→ **Task objective**: Set the records down once more so that they match the source word for word.

▼

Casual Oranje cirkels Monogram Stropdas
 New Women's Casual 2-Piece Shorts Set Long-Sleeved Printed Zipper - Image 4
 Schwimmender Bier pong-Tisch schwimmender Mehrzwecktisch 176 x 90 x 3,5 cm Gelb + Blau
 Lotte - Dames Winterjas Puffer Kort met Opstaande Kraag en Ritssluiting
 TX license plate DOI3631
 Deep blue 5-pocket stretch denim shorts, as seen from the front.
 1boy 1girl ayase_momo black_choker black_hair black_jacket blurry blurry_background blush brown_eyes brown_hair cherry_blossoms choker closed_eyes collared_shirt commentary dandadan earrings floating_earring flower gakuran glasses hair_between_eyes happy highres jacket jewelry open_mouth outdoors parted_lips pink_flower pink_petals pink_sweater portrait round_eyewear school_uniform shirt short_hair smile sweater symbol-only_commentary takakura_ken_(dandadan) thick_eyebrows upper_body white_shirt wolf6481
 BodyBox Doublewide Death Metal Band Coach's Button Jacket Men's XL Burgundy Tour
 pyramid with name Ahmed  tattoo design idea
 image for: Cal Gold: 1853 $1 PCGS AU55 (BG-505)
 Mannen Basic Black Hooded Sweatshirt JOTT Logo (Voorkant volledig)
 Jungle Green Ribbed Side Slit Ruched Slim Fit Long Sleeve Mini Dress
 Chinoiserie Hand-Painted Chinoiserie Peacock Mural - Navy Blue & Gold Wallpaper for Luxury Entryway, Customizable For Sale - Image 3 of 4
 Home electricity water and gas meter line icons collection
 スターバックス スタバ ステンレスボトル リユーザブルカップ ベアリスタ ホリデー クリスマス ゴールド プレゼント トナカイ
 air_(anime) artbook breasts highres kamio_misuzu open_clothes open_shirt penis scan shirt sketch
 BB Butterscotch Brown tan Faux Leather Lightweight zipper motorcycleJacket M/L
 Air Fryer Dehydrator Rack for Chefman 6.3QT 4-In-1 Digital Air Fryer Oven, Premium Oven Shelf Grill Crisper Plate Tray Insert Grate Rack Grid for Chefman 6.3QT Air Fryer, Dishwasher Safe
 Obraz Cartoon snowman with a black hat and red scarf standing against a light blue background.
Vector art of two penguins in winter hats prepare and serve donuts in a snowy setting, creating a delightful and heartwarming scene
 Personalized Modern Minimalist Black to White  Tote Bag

▲

→ **Final answer**:
Casual Oranje cirkels Monogram Stropdas
 New Women's Casual 2-Piece Shorts Set Long-Sleeved Printed Zipper - Image 4
 Schwimmender Bier pong-Tisch schwimmender Mehrzwecktisch 176 x 90 x 3,5 cm Gelb + Blau
 Lotte - Dames Winterjas Puffer Kort met Opstaande Kraag en Ritssluiting
 TX license plate DOI3631
 Deep blue 5-pocket stretch denim shorts, as seen from the front.
 1boy 1girl ayase_momo black_choker black_hair black_jacket blurry blurry_background blush brown_eyes brown_hair cherry_blossoms choker closed_eyes collared_shirt commentary dandadan earrings floating_earring flower gakuran glasses hair_between_eyes happy highres jacket jewelry open_mouth outdoors parted_lips pink_flower pink_petals pink_sweater portrait round_eyewear school_uniform shirt short_hair smile sweater symbol-only_commentary takakura_ken_(dandadan) thick_eyebrows upper_body white_shirt wolf6481
 BodyBox Doublewide Death Metal Band Coach's Button Jacket Men's XL Burgundy Tour
 pyramid with name Ahmed  tattoo design idea
 image for: Cal Gold: 1853 $1 PCGS AU55 (BG-505)
 Mannen Basic Black Hooded Sweatshirt JOTT Logo (Voorkant volledig)
 Jungle Green Ribbed Side Slit Ruched Slim Fit Long Sleeve Mini Dress
 Chinoiserie Hand-Painted Chinoiserie Peacock Mural - Navy Blue & Gold Wallpaper for Luxury Entryway, Customizable For Sale - Image 3 of 4
 Home electricity water and gas meter line icons collection
 スターバックス スタバ ステンレスボトル リユーザブルカップ ベアリスタ ホリデー クリスマス ゴールド プレゼント トナカイ
 air_(anime) artbook breasts highres kamio_misuzu open_clothes open_shirt penis scan shirt sketch
 BB Butterscotch Brown tan Faux Leather Lightweight zipper motorcycleJacket M/L
 Air Fryer Dehydrator Rack for Chefman 6.3QT 4-In-1 Digital Air Fryer Oven, Premium Oven Shelf Grill Crisper Plate Tray Insert Grate Rack Grid for Chefman 6.3QT Air Fryer, Dishwasher Safe
 Obraz Cartoon snowman with a black hat and red scarf standing against a light blue background.
Vector art of two penguins in winter hats prepare and serve donuts in a snowy setting, creating a delightful and heartwarming scene
 Personalized Modern Minimalist Black to White  Tote Bag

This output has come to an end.